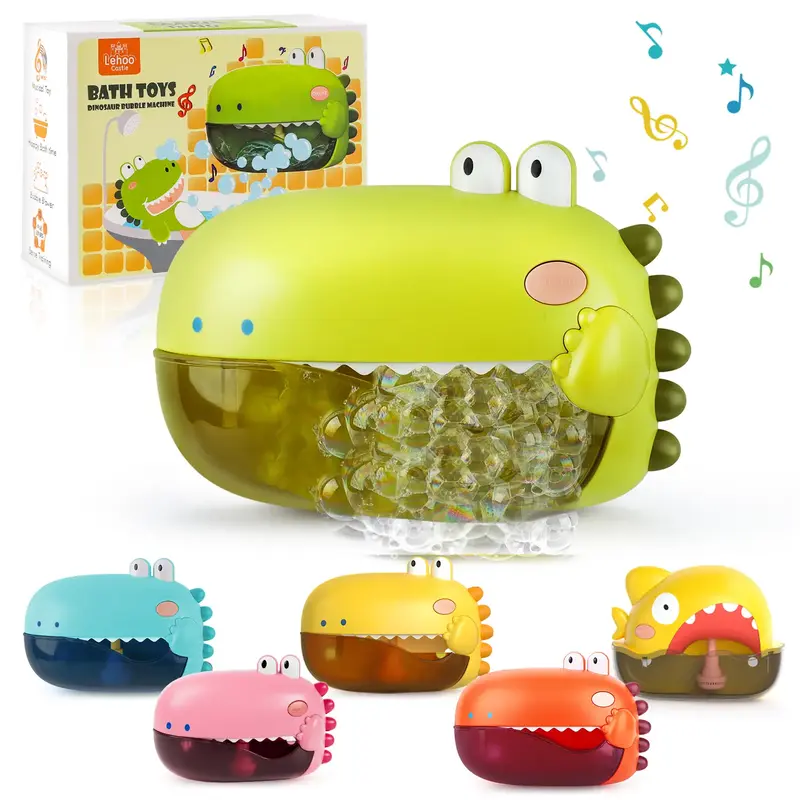 Lehoo Castle Bubble Machine, Bubble Maker with 12 Songs, Kid Bath Toy, Automatic Water Toy, Bathtime Shower Bathtub Toys for ...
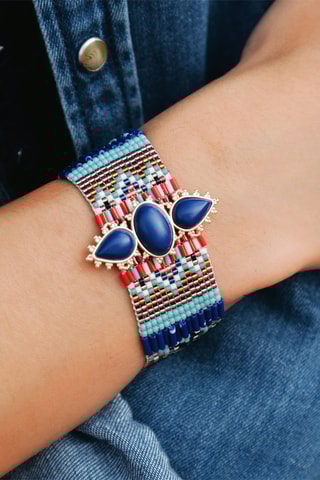 Manchetarmband Verguld met Geelgoud Noliti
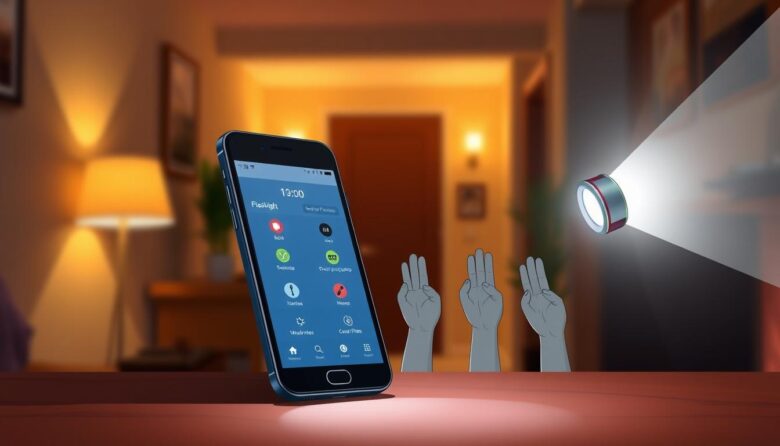 secret phone features flashlight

__Problem details__
Retype the whole listing. Keep every word exact but include no pictures.

__The completed task__
 Lehoo Castle Bubble Machine, Bubble Maker with 12 Songs, Kid Bath Toy, Automatic Water Toy, Bathtime Shower Bathtub Toys for ...
 Manchetarmband Verguld met Geelgoud Noliti
 secret phone features flashlight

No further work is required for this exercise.